Copy out exactly the stretch below, from the line with "NordicTrack SpaceSaver SE7i" through the line with "30052026-Forstinning-Prfg20-0175 | Fokus", both included; the pictures stay out.

• _Data to process_:
--

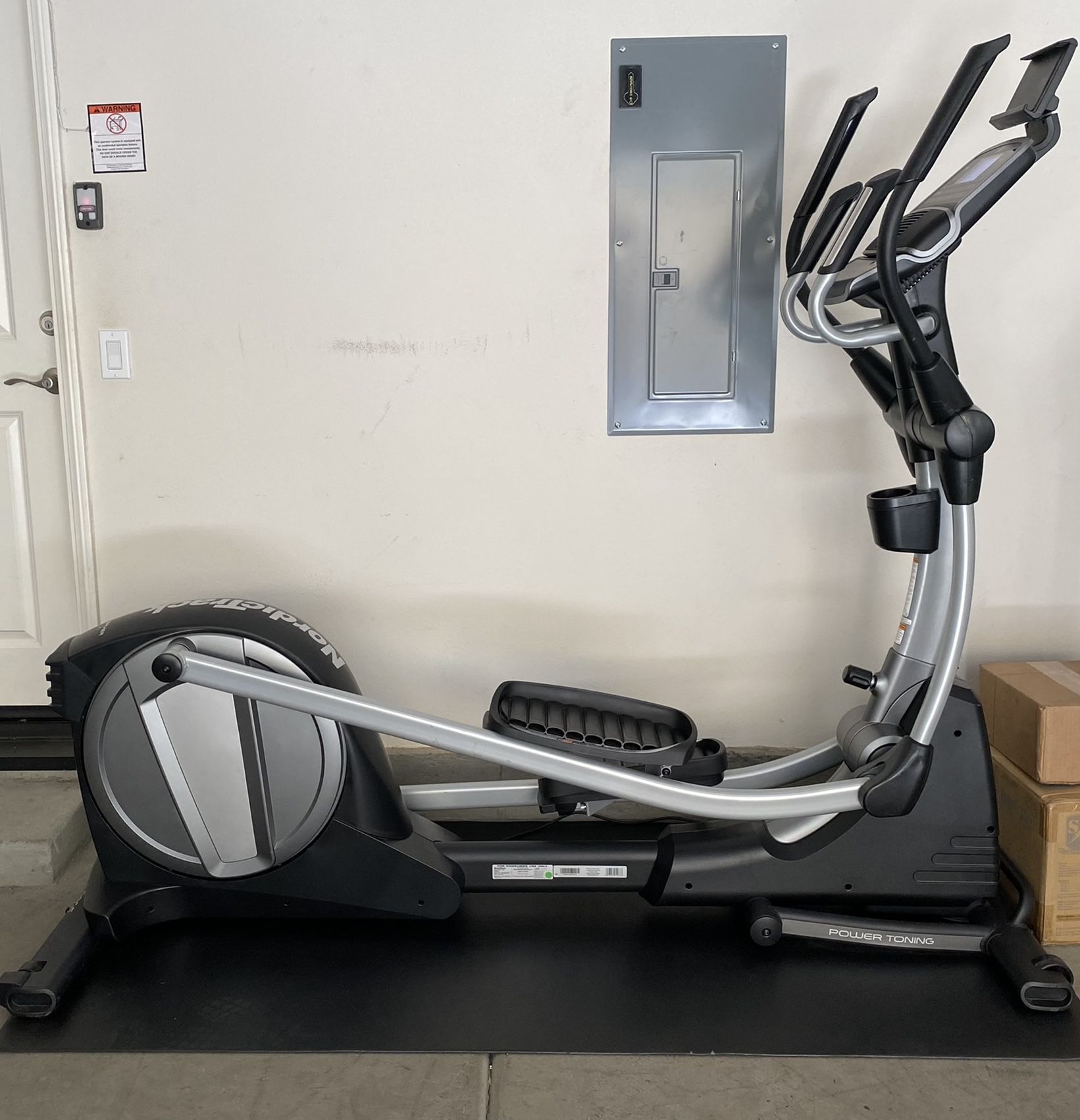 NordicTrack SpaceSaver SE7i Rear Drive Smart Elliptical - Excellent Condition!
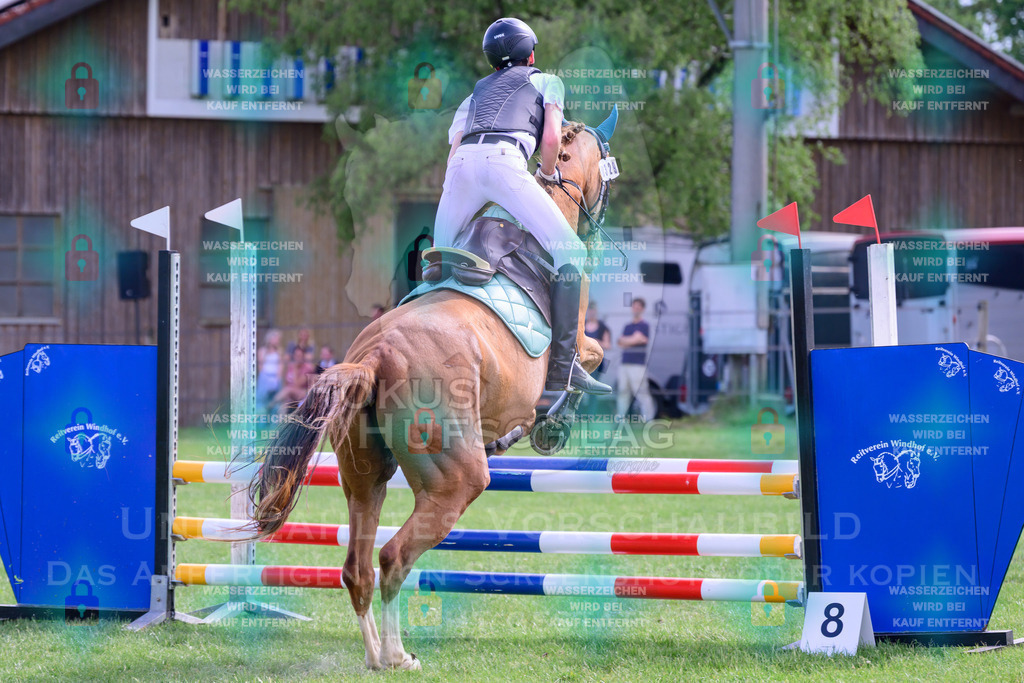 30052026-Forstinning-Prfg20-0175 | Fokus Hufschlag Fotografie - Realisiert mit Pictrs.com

--

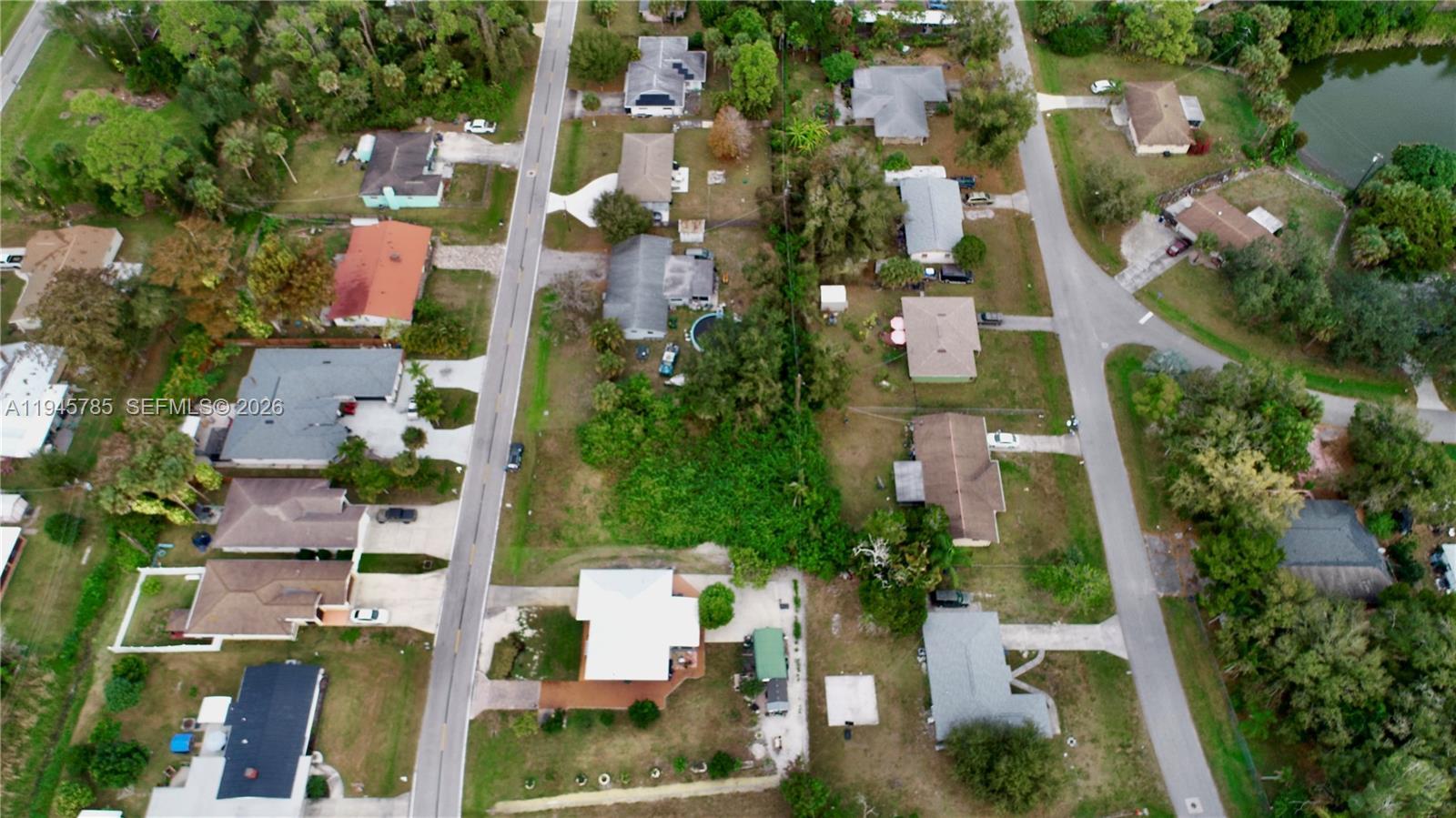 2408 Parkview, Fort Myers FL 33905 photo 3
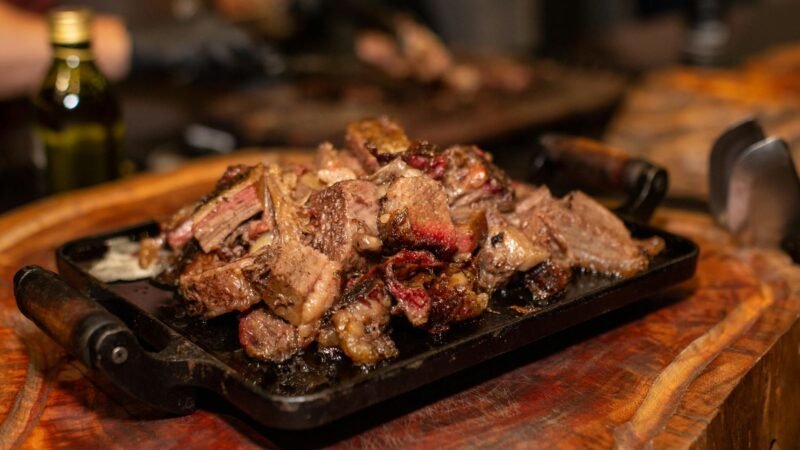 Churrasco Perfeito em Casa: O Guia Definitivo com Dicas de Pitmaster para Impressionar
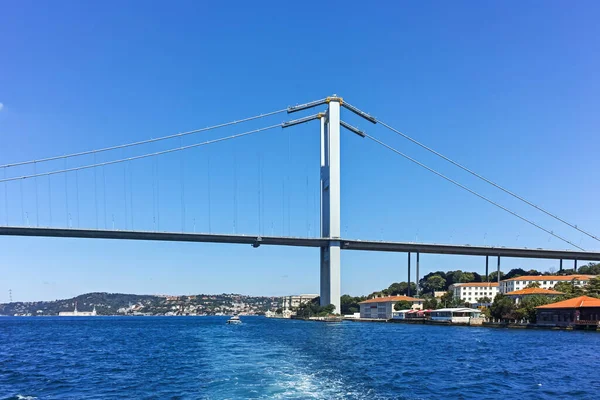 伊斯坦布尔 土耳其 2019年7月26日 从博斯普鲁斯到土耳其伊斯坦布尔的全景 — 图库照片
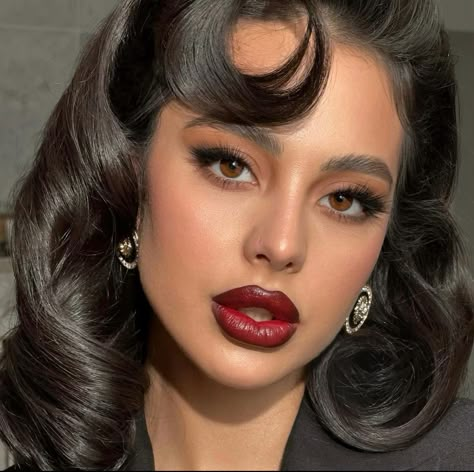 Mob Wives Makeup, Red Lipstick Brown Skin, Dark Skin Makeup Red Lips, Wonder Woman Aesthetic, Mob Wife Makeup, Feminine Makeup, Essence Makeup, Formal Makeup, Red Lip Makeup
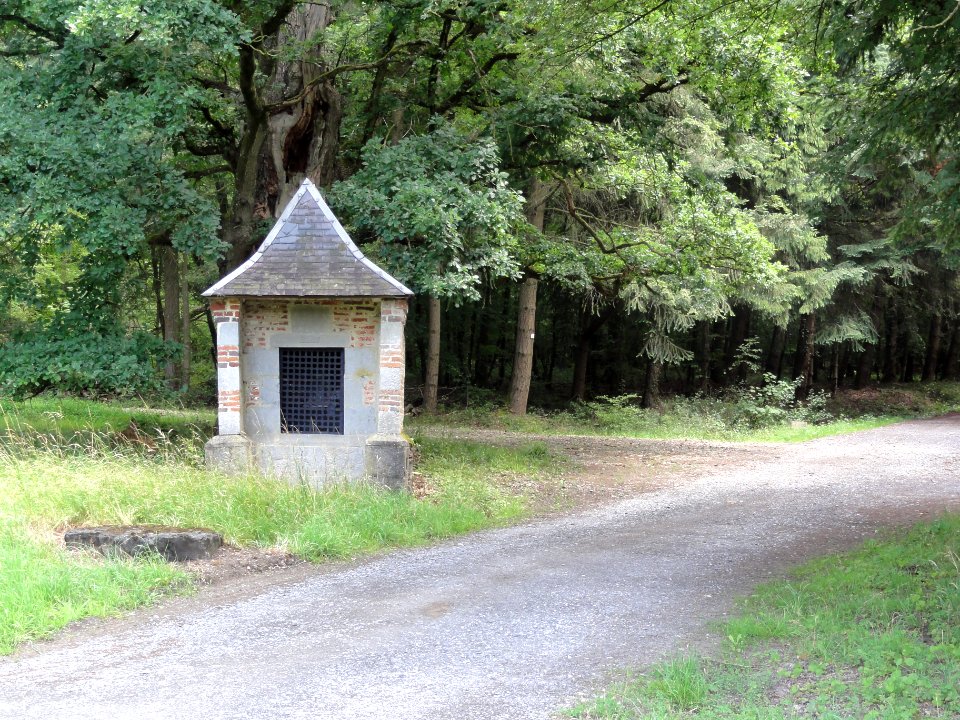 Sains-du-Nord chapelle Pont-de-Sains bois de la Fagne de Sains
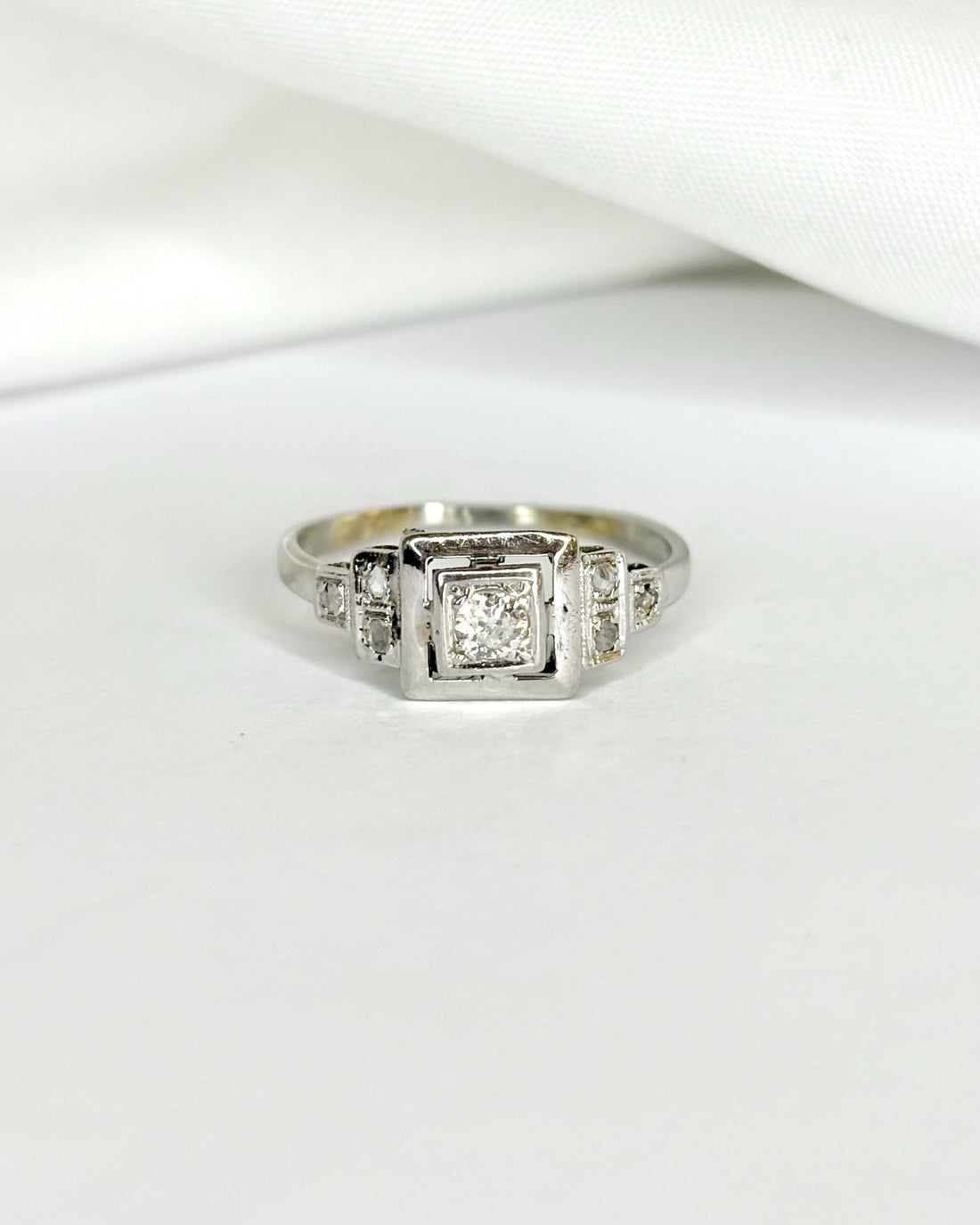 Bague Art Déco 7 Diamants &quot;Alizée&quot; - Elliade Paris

--

• _Solved problem_:
 NordicTrack SpaceSaver SE7i Rear Drive Smart Elliptical - Excellent Condition!
 30052026-Forstinning-Prfg20-0175 | Fokus Hufschlag Fotografie - Realisiert mit Pictrs.com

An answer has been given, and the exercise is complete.